*** Data to examine Section Begins ***

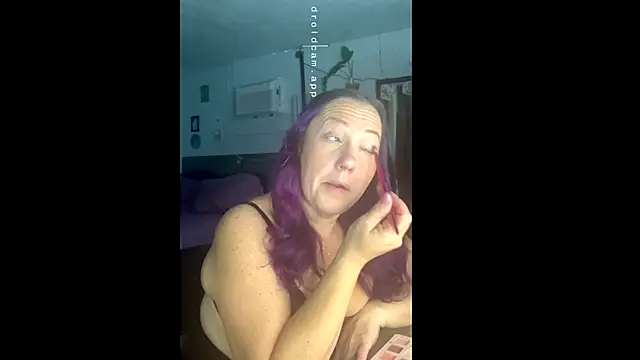 kristallic online show from April 24, 2:09 pm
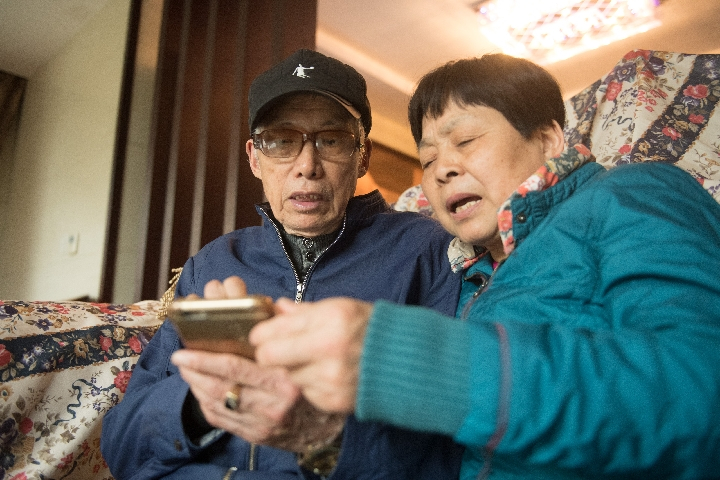 “春田花花老友会”：中国式“抱团养老”体验记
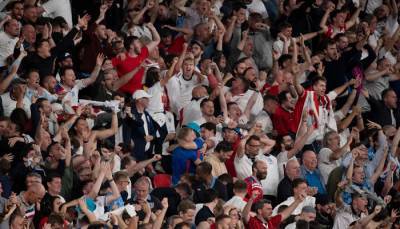 Англия оштрафована за поведение болельщиков в матче с Данией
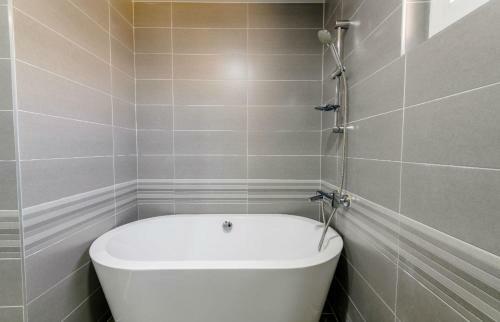 Apartamento Chandelier Pension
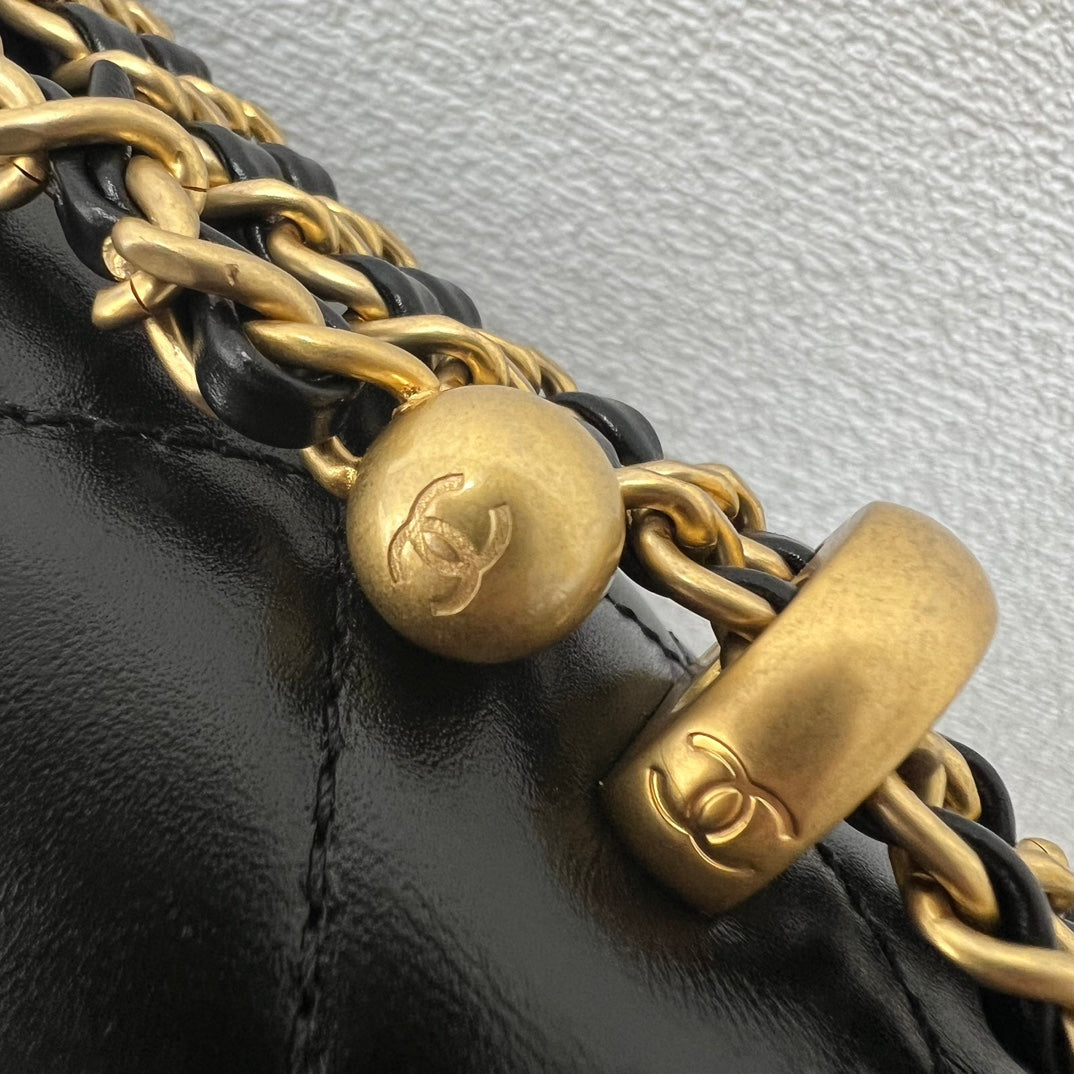 CC 25S Woc Black Calfskin Gold Hardware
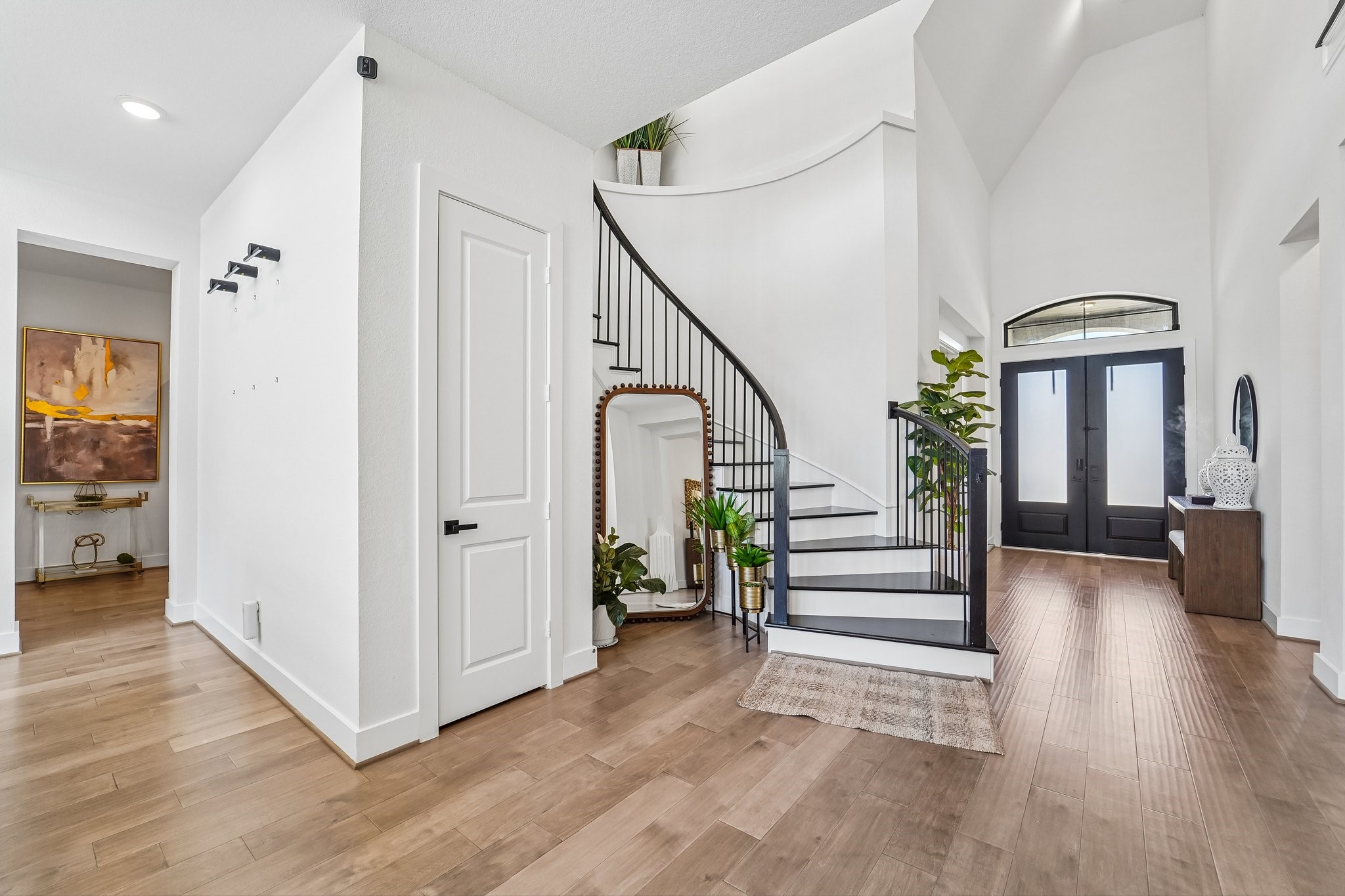 4830 Parkgate Avenue Property Photo 4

*** Data to examine Section Ends ***

Task statement: Pictures are not part of the copy. Extract exactly the lines from the line containing "Англия оштрафована за" through the final line of the entries above, both included.

Answer to the exercise:
 Англия оштрафована за поведение болельщиков в матче с Данией
 Apartamento Chandelier Pension
 CC 25S Woc Black Calfskin Gold Hardware
 4830 Parkgate Avenue Property Photo 4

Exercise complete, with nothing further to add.